Файлов на диске нет...

----------


## santa13

_Гриша_ 


> Файлов на диске нет...


почему вы так уверены?

*Добавлено через 17 минут*

если хотите я могу их завтро на форуме выложить....

все что связано с...
Z-connect
Скрытые процессы с подменной PID
файл desktop.ini
Ошибка "Generic Host Process for Win32 Services"
NT AUTHORITY
это одна большая история, я бы посоветовал вам как и с кидо взять с десяток компов с этими признаками и провести анализ...
лично у меня две такие машины но я живу на севере, я в этом успел разобраться а вот антивири нехера нелечат...... непризнанная эпидемия господа хелперы посмотрите сколько у вас в работе z-conect

*Добавлено через 2 минуты*

*Winsent*

у меня к тебе один вопрос, ТЫ ПОЛЬЗУЕШСЯ вебмани?????????

----------


## Torvic99

Не надо их выкладывать, тем более 



> если хотите я могу их завтро на форуме выложить....


автор топика ясно написал что у него на компе файлов нет


> Самих этих файлов нет на ПК.

----------


## Winsent

> *Winsent*
> 
> у меня к тебе один вопрос, ТЫ ПОЛЬЗУЕШСЯ вебмани?????????

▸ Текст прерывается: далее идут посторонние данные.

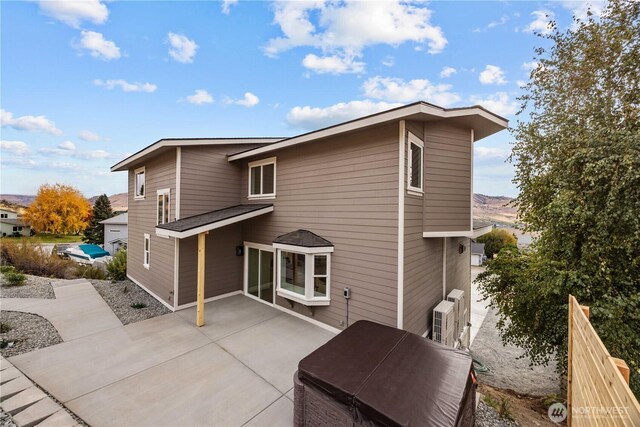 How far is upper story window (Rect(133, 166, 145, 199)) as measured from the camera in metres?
10.1

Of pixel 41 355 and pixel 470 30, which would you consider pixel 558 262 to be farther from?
pixel 41 355

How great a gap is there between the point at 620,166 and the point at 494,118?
2.52m

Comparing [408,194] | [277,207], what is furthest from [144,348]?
[408,194]

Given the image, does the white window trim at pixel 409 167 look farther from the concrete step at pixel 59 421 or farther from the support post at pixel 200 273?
the concrete step at pixel 59 421

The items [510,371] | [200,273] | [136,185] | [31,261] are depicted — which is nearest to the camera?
[200,273]

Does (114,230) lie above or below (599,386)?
below

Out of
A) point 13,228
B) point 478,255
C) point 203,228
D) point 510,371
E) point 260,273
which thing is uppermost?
point 203,228

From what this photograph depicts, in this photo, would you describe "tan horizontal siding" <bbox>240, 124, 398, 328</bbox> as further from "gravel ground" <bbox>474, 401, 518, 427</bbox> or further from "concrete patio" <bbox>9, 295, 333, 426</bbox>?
"gravel ground" <bbox>474, 401, 518, 427</bbox>

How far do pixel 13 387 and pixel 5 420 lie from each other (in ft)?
3.12

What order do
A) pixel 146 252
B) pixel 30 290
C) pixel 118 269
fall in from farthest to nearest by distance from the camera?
pixel 118 269 → pixel 146 252 → pixel 30 290

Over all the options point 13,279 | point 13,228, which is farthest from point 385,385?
point 13,228

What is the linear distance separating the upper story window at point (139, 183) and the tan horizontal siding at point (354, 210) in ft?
22.5

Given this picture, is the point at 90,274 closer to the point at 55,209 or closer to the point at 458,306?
the point at 458,306

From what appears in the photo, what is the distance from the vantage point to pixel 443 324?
6.12 m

 Нет на ПК не установлен клиент вэб мани

----------


## santa13

> автор топика ясно написал что у него на компе файлов нет


есть, есть. просто автор этих файлов распологает их с учетом чтобы,
АВЗ и КИС их недостали

----------


## Гриша

> есть, есть. просто автор этих файлов распологает их с учетом чтобы,
> АВЗ и КИС их недостали


Автор чего и для чего скрывает?

----------


## santa13

Например Backdoor.Win32.Sdbot.ops
AVZ и КИС раньше невидили,  пока неотправил тоннны файлов в вирлаб.

----------


## Гриша

Вы уверены в своих словах?

Скриншот с моей эталонной XP SP3  :Smiley:

----------


## santa13

> Вы уверены в своих словах?
> 
> Скриншот с моей эталонной XP SP3


правельный путь * C:\WINDOWS.0*\system32

эти и многие другие файлы, находятся в папке WINDOWS.0, на диске Х есть папка WINDOWS которая образуется после установки ОС, рядом с папкой WINDOWS должна быть WINDOWS.0. 
Вам остается только найти эту папку, так просто ее невидно даже если включить отоброженипе скрытых файлов, в тотал командоре ее тоже невидно.

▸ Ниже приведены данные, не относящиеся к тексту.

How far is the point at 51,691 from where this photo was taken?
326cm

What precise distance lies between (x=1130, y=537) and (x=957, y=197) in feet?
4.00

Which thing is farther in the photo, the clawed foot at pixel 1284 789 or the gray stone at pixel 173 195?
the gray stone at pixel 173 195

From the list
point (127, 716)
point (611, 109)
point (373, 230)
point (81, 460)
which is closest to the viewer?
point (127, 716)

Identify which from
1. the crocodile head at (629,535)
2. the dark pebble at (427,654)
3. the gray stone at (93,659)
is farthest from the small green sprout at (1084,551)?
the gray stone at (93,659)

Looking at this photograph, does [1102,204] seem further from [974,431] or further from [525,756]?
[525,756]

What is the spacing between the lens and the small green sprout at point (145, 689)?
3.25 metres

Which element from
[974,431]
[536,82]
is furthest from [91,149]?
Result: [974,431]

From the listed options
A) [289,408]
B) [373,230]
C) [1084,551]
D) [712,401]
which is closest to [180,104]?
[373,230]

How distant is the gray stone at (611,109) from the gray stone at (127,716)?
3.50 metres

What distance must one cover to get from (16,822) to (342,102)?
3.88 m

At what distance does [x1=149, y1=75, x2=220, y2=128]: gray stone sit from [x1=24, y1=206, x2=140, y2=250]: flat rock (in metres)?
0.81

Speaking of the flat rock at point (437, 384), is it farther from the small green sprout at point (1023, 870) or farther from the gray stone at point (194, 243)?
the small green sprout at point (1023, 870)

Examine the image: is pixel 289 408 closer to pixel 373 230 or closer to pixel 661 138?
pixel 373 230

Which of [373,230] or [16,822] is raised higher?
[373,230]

кажется я понял как эти файлы скрываются от АВЗ и КИС, в АВЗ мы видим путь  C:\WINDOWS\system32, насамом деле это C:\WINDOWS.0\system32 поэтому он неможет добавить их в карантин. как-то так......

----------


## Гриша

Не пишите глупостей  :Smiley:

----------


## santa13

> Не пишите глупостей


вы о чем? у меня две железки, на ноуте после сбоя все гавно всплыло, расказаваю только то что вижу на своем ноуте.

----------


## anton_dr

> находятся в папке WINDOWS.0, на диске Х есть папка WINDOWS которая образуется после установки ОС, рядом с папкой WINDOWS должна быть WINDOWS.0.

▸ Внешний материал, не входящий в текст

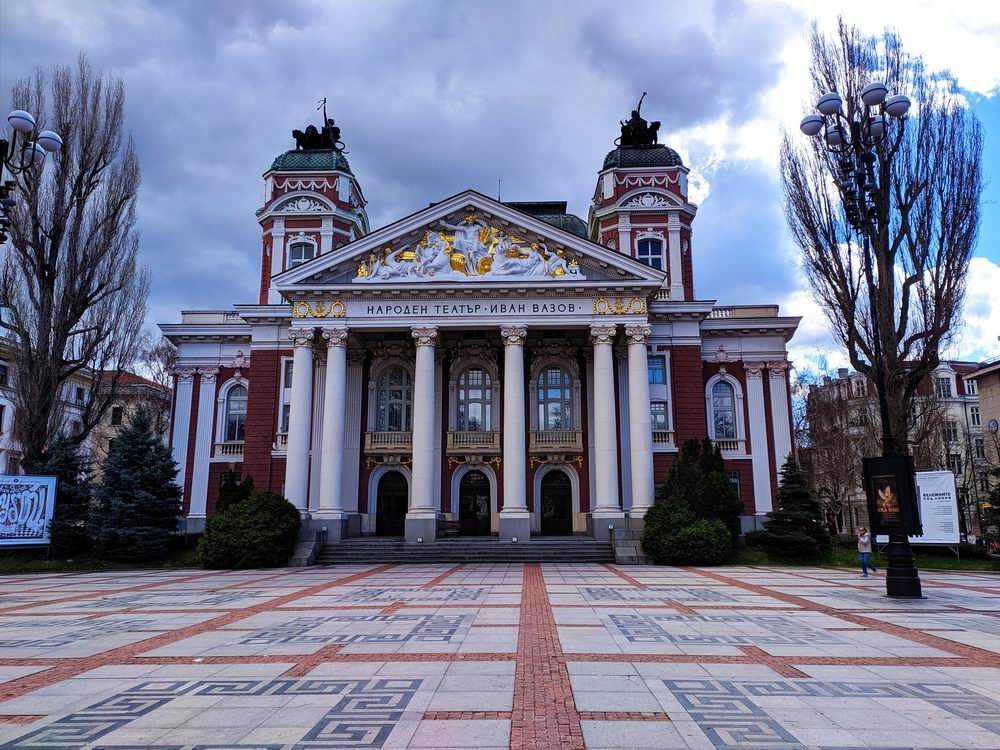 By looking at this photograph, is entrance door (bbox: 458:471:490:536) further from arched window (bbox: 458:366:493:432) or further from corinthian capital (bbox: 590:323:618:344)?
corinthian capital (bbox: 590:323:618:344)

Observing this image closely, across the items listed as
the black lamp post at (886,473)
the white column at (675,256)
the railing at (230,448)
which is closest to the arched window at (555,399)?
the white column at (675,256)

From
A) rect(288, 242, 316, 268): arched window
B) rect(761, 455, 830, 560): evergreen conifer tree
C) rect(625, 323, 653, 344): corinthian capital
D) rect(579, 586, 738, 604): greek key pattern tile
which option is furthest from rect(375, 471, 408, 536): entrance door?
rect(579, 586, 738, 604): greek key pattern tile

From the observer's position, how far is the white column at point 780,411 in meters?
32.8

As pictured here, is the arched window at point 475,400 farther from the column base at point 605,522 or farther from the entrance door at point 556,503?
the column base at point 605,522

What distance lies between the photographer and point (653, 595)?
15.4 metres

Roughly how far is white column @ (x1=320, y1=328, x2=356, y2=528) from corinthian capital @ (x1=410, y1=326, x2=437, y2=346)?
3.07m

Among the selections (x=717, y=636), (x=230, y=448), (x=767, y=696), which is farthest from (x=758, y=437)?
(x=767, y=696)

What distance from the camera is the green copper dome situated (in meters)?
37.7

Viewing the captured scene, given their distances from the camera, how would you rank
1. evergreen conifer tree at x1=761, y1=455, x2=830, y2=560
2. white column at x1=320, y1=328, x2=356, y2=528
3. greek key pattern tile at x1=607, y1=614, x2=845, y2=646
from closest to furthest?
greek key pattern tile at x1=607, y1=614, x2=845, y2=646, evergreen conifer tree at x1=761, y1=455, x2=830, y2=560, white column at x1=320, y1=328, x2=356, y2=528

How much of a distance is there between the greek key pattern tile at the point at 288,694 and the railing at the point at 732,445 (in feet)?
92.7

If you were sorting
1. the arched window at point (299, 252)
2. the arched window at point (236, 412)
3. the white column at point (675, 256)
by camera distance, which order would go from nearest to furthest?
the arched window at point (236, 412), the white column at point (675, 256), the arched window at point (299, 252)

Изначально на "голый" ПК система ставится в папку *WINDOWS*. Папка же *WINDOWS.0* образуется, если вы *повторно устанавливаете* систему с загрузочного диска, предварительно не удалив старую копию системы и не отформатировав диск.

----------


## santa13

*Winsent* файлы лежат на диске это точно! может хелперы в курсе что этоза файлы?

коротко..........
я хотел сказать что на пк в автозапуске эти файлы есть, но их я ненашел и невидел. в ноудбуке эти файлы также есть в автозапуске, и лежат они прямо перед носом в папке WINDOWS.0 .

----------


## Белый Сокол

*santa13*, может у Вас Windows какой-то особенный. По крайней мере у меня поиск не дал результатов, что вполне закономерно:

   




> может хелперы в курсе что это за файлы?


*Гриша* - старший хелпер, кстати  :Smiley:

----------


## Winsent

> *Winsent* файлы лежат на диске это точно!


Нет. Этих файлов не существует на ПК, как и папки windows.0. C образа восстановил чистую winXP sp3 и посмотрел на файлы из под liveCD.

  


Как видно таких файлов не существует, хотя они и прописаны в автозагрузку. Не думаю что z-connect научился свои файлы скрывать и под Linux.

----------


## cadrovic

mssip.dll... Ну чё он делает? А если это missing IP? Гаечка от какой-нибудь хрени вроде "RapidShare_Time_Resetter.exe"? :Cool: 
У себя такое обнаружил после появления признаков заражения, делал логи АВЗ по стандартным скриптам 3 и 2, судя по логам - АВЗ этого "мистера Сиплого" грохнул по своим соображениям. Всё живет и работает, так что даже не успел понять - что это такое...

----------


## PavelA

the multicast security based on session initial protocol (MSSIP) - м.б. это с этим связано?

----------